This new automation and generalization work from graduate students and professors from UC San Diego’s Jacobs School of Engineering will be presented on October 28 at ACM’s Conference on Communications and Computer Security (CCS) 2008, one of the premier academic computer security conferences.

“Most computer security defenses are based on the notion that preventing the introduction of malicious code is sufficient to protect a computer. This assumption is at the core of trusted computing, anti-virus software, and various defenses like Intel and AMD’s no execute protections. There is a subtle fallacy in the logic, however: simply keeping out bad code is not sufficient to keep out bad computation,” said UC San Diego computer science professor Stefan Savage, an author on the CCS 2008 paper.

Return-oriented Programming

Return-oriented programming exploits start out like more familiar attacks on computers. The attacker takes advantage of a programming error in the target system to overwrite the runtime stack and divert program execution away from the path intended by the system’s designers. But instead of injecting outside code—the approach used in traditional malicious exploits—return-oriented programming enables attackers to create any kind of nasty computation or program by using just the existing code.

“You can create any kind of malicious program you can imagine—Turing complete functionality,” said Shacham.

For example, a user’s Web browser could be subverted to record passwords typed by the user or to send spam e-mail to all address book contacts, using only the code that makes up the browser itself.

“There is value in showing just how big of a potential problem return-oriented programming may turn out to be,” said computer science graduate student Erik Buchanan.

The term “return-oriented programming” describes the fact that the “good” instructions that can be strung together in order to build malicious programs need to end with a return command. The graduate students showed that the process of building these malicious programs from good code can be largely automated by grouping sets of instructions into “gadgets” and then abstracting much of the tedious work behind a programming language and compiler.

Imagine taking a 700 page book, picking and choosing words and phrases in no particular order and then assembling a 50 page story that has nothing to do with the original book. Return-oriented programming allows you to do something similar. Here the 700 page book is the code that makes up the system being attacked—for example, the standard C-language library libc—and the story is the malicious program the attacker wishes to have executed.

“We found that return-oriented programming poses a much more general vulnerability than people initially thought,” said computer science graduate student Ryan Roemer. He and Buchanan chose to study return-oriented programming for a class project after they heard Shacham outline a series of open questions in a guest lecture he gave in Savage’s computer security course last winter.

Living with Return-Oriented Programming

“The threat posed by return-oriented programming, across all architectures and systems, has negative implications for an entire class of security mechanisms: those that seek to prevent malicious computation by preventing the execution of malicious code,” the authors write in their CCS 2008 paper.
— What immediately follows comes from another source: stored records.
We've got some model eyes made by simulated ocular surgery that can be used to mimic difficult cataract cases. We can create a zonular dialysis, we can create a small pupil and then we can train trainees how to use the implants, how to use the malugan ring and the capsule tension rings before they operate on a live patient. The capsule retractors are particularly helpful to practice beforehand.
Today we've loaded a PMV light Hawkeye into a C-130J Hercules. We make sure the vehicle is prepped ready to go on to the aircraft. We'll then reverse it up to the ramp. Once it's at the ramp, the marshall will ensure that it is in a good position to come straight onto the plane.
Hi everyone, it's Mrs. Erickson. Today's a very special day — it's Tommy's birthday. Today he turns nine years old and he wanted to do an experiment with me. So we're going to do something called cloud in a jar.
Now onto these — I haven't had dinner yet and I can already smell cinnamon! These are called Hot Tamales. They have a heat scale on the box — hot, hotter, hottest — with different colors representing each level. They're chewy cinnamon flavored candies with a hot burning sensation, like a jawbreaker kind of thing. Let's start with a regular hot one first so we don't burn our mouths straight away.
For instance, Intel and AMD have implemented security functionality into their chips (NX/XD) that prevents code from being executed from certain memory regions. Operating systems in turn use these features to prevent input data from being executed as code (e.g., Microsoft’s Data Execution Prevention feature introduced in Windows XP SP2). The new research from UC San Diego, however, highlights an entire class of exploits that would not be stopped by these security measures since no malicious code is actually executed. Instead, the stack is “hijacked” and forced to run good code in bad ways.

“We have demonstrated that return-oriented exploits are practical to write, as the complexity of gadget combination is abstracted behind a programming language and compiler. Finally, we argue that this approach provides a simple bypass for the vast majority of exploitation mitigations in use today,” the computer scientists write.
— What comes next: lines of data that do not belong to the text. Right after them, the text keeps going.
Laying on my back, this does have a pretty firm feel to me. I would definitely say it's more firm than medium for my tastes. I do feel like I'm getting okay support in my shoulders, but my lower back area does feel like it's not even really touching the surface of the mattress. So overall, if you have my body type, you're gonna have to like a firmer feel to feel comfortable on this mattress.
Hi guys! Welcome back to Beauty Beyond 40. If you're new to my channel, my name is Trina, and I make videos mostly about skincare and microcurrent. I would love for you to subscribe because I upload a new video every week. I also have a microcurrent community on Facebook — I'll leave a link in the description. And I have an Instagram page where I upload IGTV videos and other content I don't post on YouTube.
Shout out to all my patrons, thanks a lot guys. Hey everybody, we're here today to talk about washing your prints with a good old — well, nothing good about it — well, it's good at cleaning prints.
The authors outline a series of approaches to combat return-oriented programming. Eliminating vulnerabilities permitting control flow manipulation remains a high priority—as it has for 20 years. Other possibilities: hardware and software support for further constraining control flow and addressing the power of the return-oriented approach itself.

“Finally, if the approaches fail, we may be forced to abandon the convenient model that code is statically either good or bad, and instead focus on dynamically distinguishing whether a particular execution stream exhibits good or bad behavior,” the authors write.

When Good Instructions Go Bad: Generalizing Return-Oriented Programming to RISC,” by Erik Buchanan, Ryan Roemer, Hovav Shacham, and Stefan Savage, Department of Computer Science & Engineering University of California, San Diego’s Jacobs School of Engineering.

This work was made possible by the National Science Foundation (NSF).

Opening the Cloud: Open-source cloud-computing tools could give companies greater flexibility.

By Erica Naone from Technology Review

Cloud-computing platforms such as Amazon’s Elastic Compute Cloud (EC2), Microsoft’s Azure Services Platform, and Google App Engine have given many businesses flexible access to computing resources, ushering in an era in which, among other things, startups can operate with much lower infrastructure costs. Instead of having to buy or rent hardware, users can pay for only the processing power that they actually use and are free to use more or less as their needs change.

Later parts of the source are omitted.